▸ **WORK REQUIRED**
Which lines run from the line with "Myotilin antibody, GTX54355, GeneTex, Immunocytochemistry" to the end of the entries? Write out exactly those, leaving out the pictures.

Captioned web images:
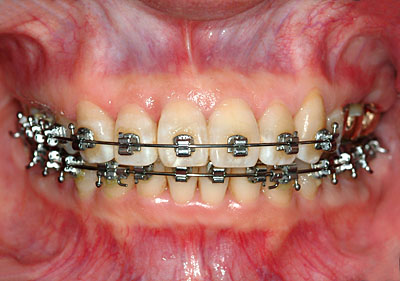 Cvg,sv,֎,Ȏ,,Ƃ́H,,摜,t,Ǘ,,GVBDO, G.V. BLACK DENTAL OFFICE
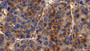 DAB staining on IHC-P; Sample: Human Liver cancer Tissue; Primary Ab: 10ug/ml Rabbit Anti-Human CAT Antibody; Second Ab: 2ug/mL HRP-Linked Caprine Anti-Rabbit IgG Polyclonal Antibody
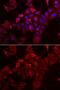 Myotilin antibody, GTX54355, GeneTex, Immunocytochemistry image 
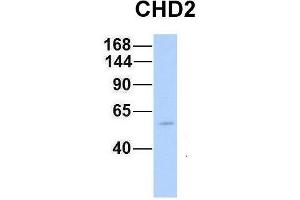Host:  Rabbit  Target Name:  CHD2  Sample Type:  Human Fetal Muscle  Antibody Dilution:  1. (CHD2 antibody  (N-Term))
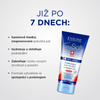 SOS krém na popraskané paty 15% urea
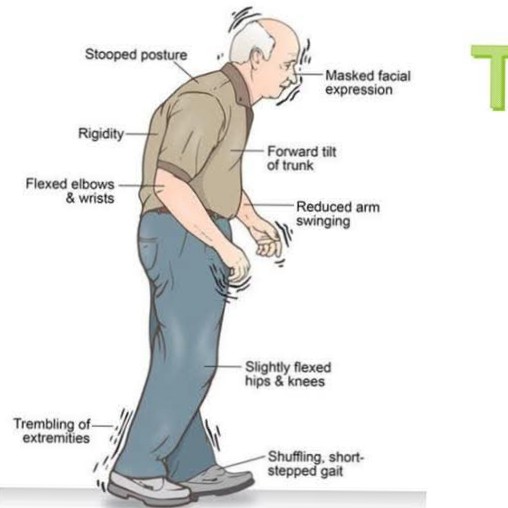 Parkinson’s disease Treatment at Sunshine clinic main image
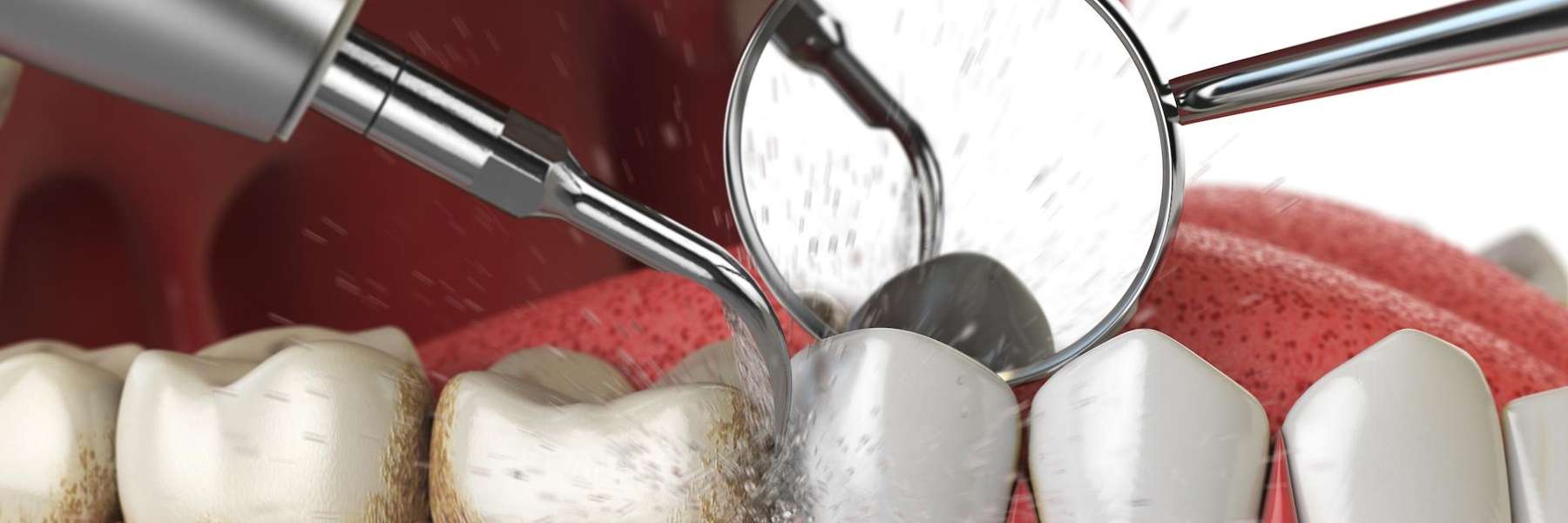 Routine Dental Scaling and Polishing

▸ **SOLUTION TO THE PROBLEM**
 Myotilin antibody, GTX54355, GeneTex, Immunocytochemistry image 
Host:  Rabbit  Target Name:  CHD2  Sample Type:  Human Fetal Muscle  Antibody Dilution:  1. (CHD2 antibody  (N-Term))
 SOS krém na popraskané paty 15% urea
 Parkinson’s disease Treatment at Sunshine clinic main image
 Routine Dental Scaling and Polishing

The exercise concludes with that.